(Caption-style text data)
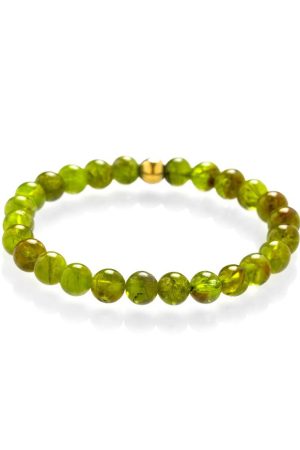Peridot náramok zlatý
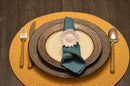 Vibhsa Sunflower White Napkin Rings Set of 4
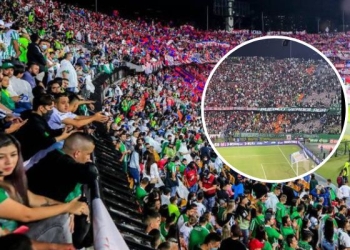 ¡No todo fue color de rosa en el regreso de las dos hinchadas al Atanasio!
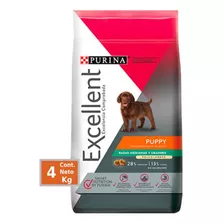 Purina Excellent Cachorro 4 Kg Pollo Y Arroz Croquetas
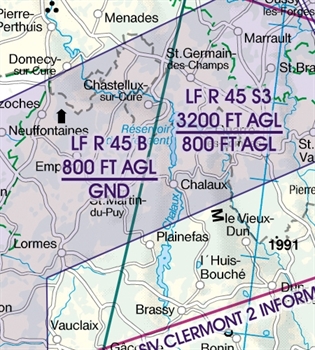 Rogers Data VFR Karte Frankreich Nord-Ost 2024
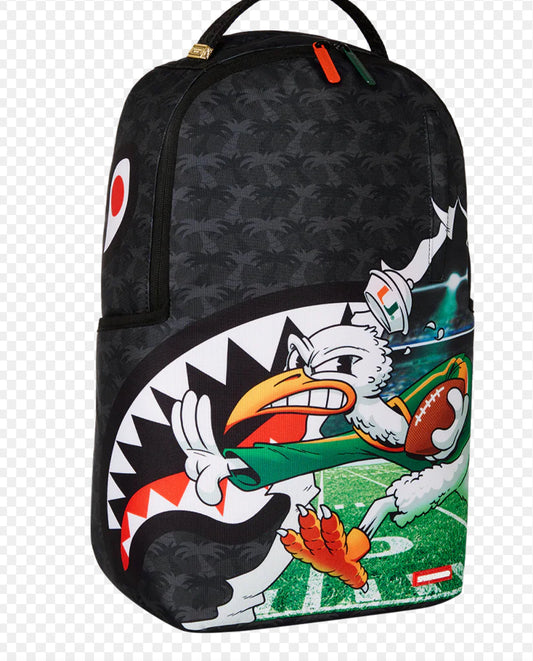 SPRAYGROUND - UNIVERSITY OF MIAMI TOUCHDOWN BACKPACK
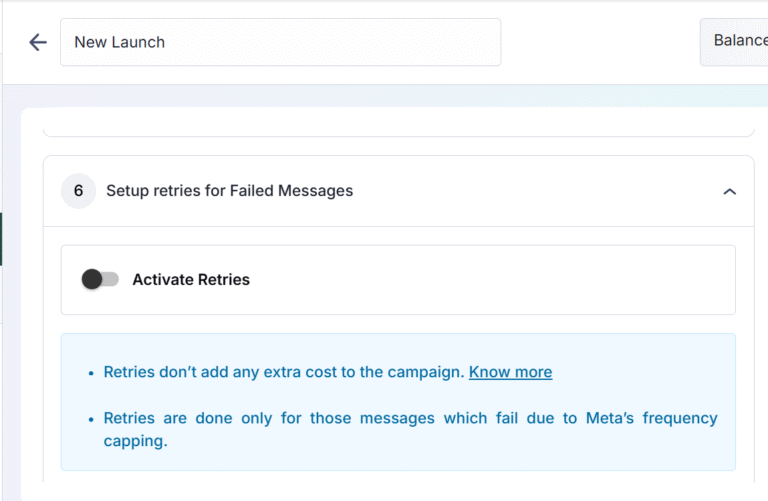 Setup Automated Retries On WhatsApp Marketing Campaigns
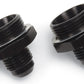 Russell Performance -6 AN Carb Adapter Fittings (2 pcs.) (Black)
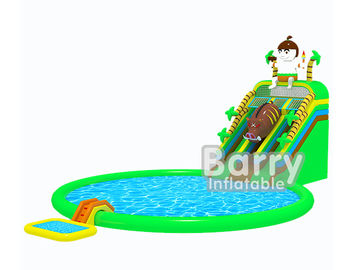 Kartun Jurassic Inflatable Water Park Jungle Inflatable Aqua Park CE Sertifikat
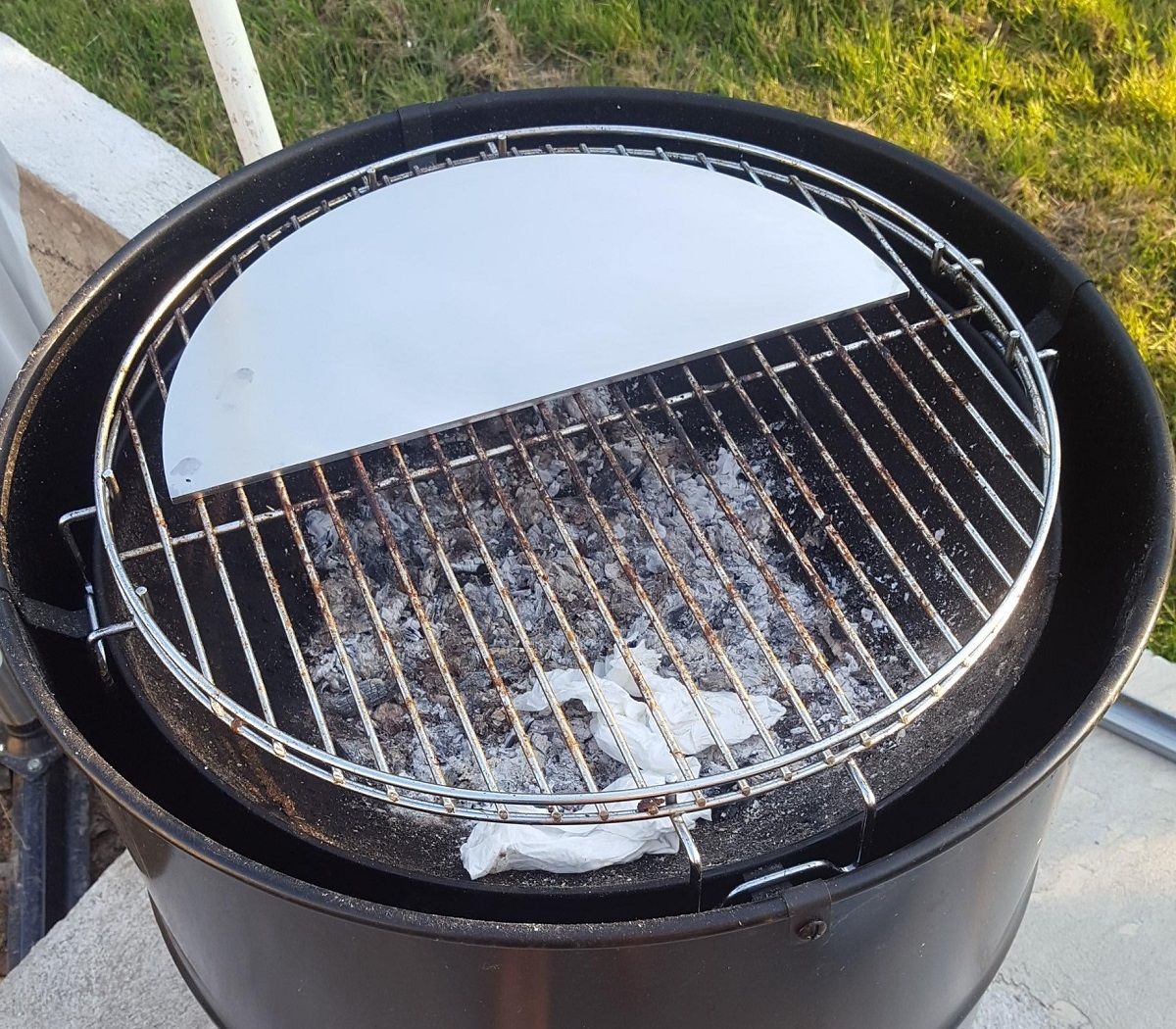 Plancha auf Grill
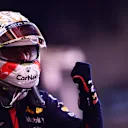 ABU DHABI, UNITED ARAB EMIRATES - DECEMBER 12: Pole position qualifier Max Verstappen of Netherlands and Red Bull Racing celebrates in parc ferme during qualifying ahead of the F1 Grand Prix of Abu Dhabi at Yas Marina Circuit on December 12, 2020 in Abu Dhabi, United Arab Emirates. (Photo by Mario Renzi - Formula 1/Formula 1 via Getty Images)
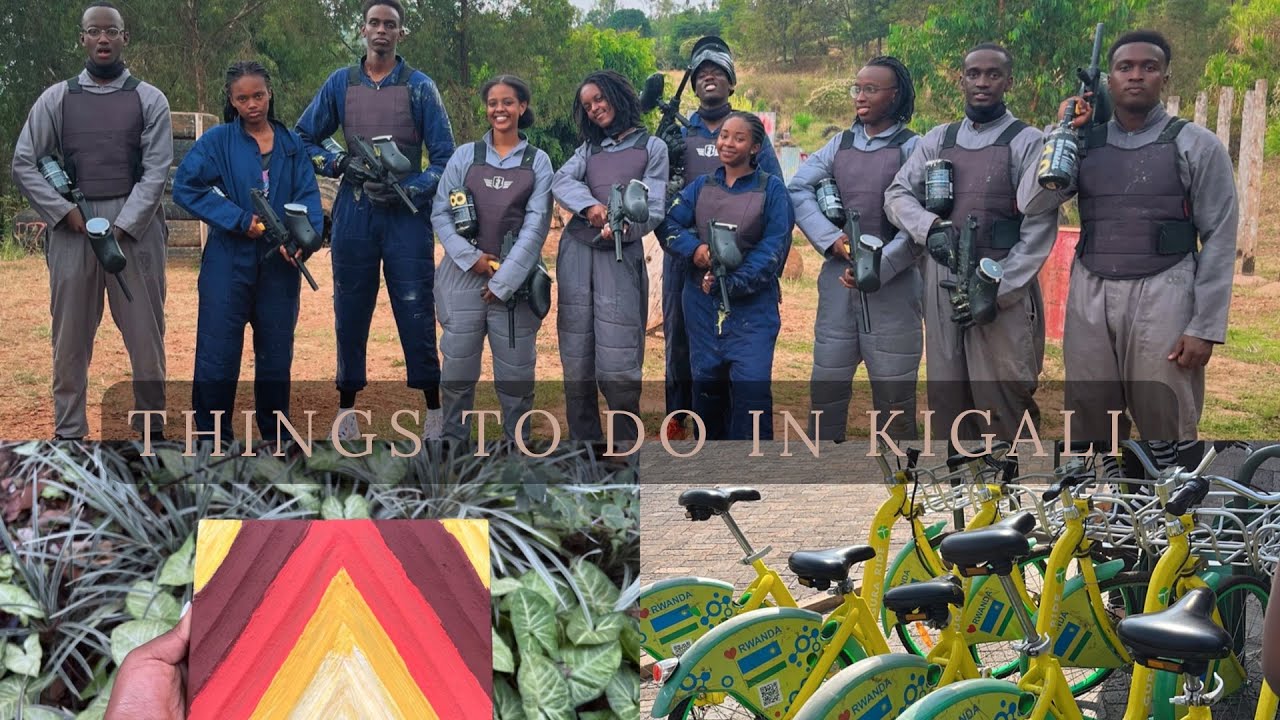 Fun ACTIVITIES in KIGALI🇷🇼|| biking 🚴🏾‍♀️ + Painting 🎨 & Paintballing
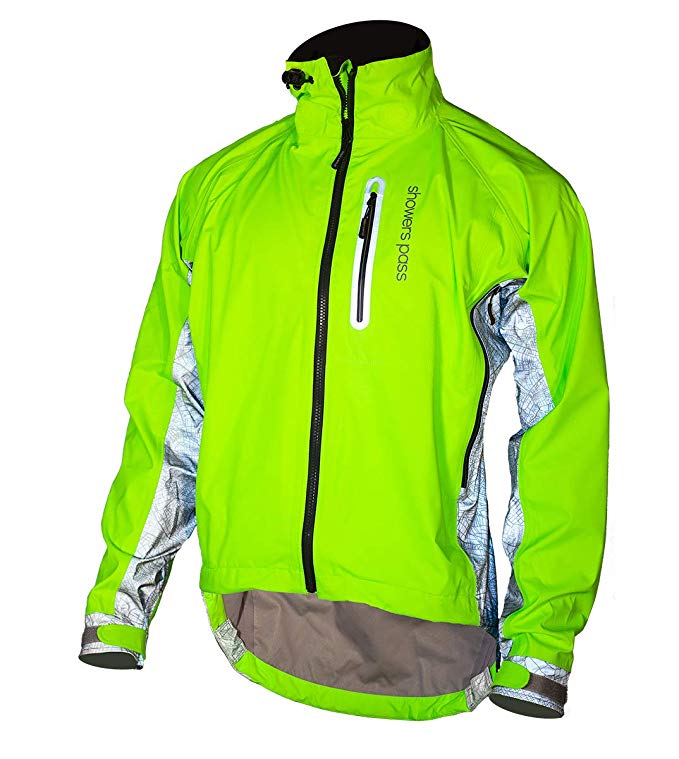 Showers Pass Men's 3M Scotchlite Hi-Vis Elite Waterproof Cycling Jacket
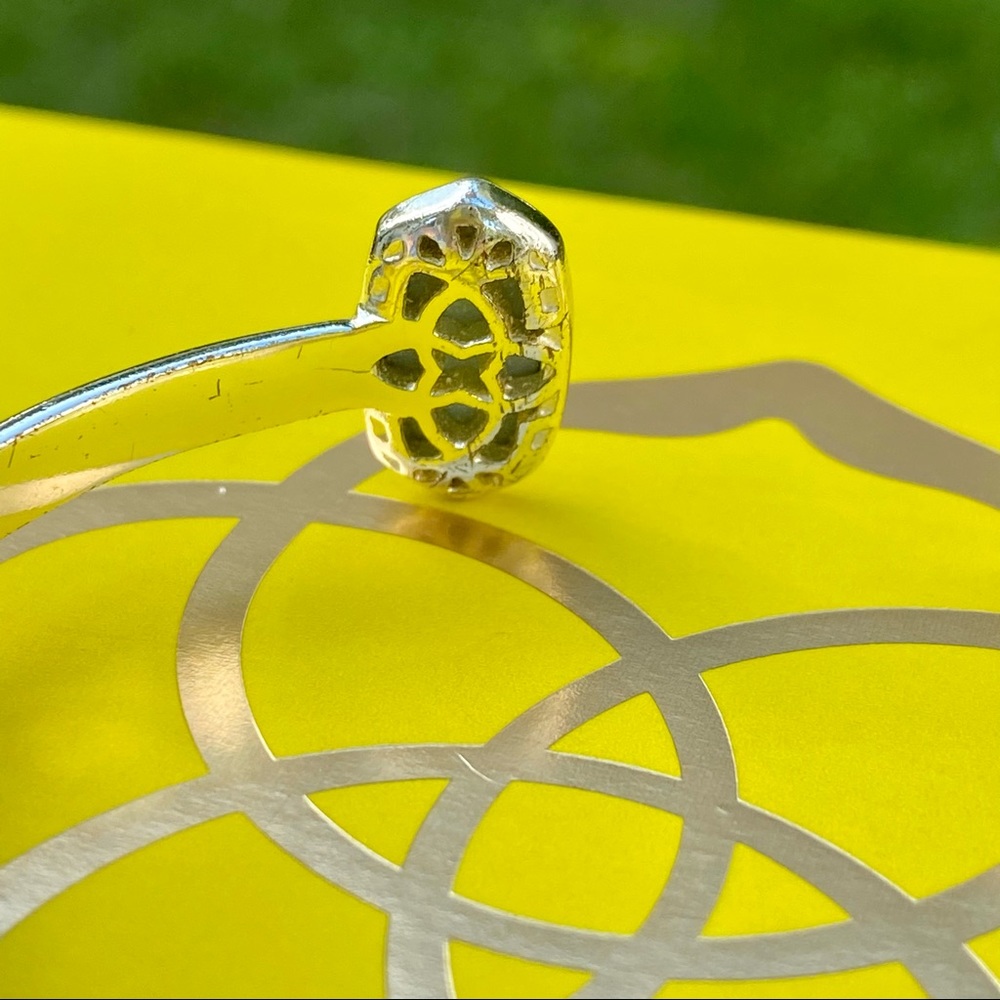 Kendra Scott Gold Elton Platinum Drusy - Picture 10 of 12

**TASK REQUIREMENTS**
All of the entries above should be copied exactly, with the images left out.

**WRITTEN SOLUTION**
Peridot náramok zlatý
 Vibhsa Sunflower White Napkin Rings Set of 4
 ¡No todo fue color de rosa en el regreso de las dos hinchadas al Atanasio!
 Purina Excellent Cachorro 4 Kg Pollo Y Arroz Croquetas
 Rogers Data VFR Karte Frankreich Nord-Ost 2024
 SPRAYGROUND - UNIVERSITY OF MIAMI TOUCHDOWN BACKPACK
 Setup Automated Retries On WhatsApp Marketing Campaigns
 Russell Performance -6 AN Carb Adapter Fittings (2 pcs.) (Black)
 Kartun Jurassic Inflatable Water Park Jungle Inflatable Aqua Park CE Sertifikat
 Plancha auf Grill
 ABU DHABI, UNITED ARAB EMIRATES - DECEMBER 12: Pole position qualifier Max Verstappen of Netherlands and Red Bull Racing celebrates in parc ferme during qualifying ahead of the F1 Grand Prix of Abu Dhabi at Yas Marina Circuit on December 12, 2020 in Abu Dhabi, United Arab Emirates. (Photo by Mario Renzi - Formula 1/Formula 1 via Getty Images)
 Fun ACTIVITIES in KIGALI🇷🇼|| biking 🚴🏾‍♀️ + Painting 🎨 & Paintballing
 Showers Pass Men's 3M Scotchlite Hi-Vis Elite Waterproof Cycling Jacket
 Kendra Scott Gold Elton Platinum Drusy - Picture 10 of 12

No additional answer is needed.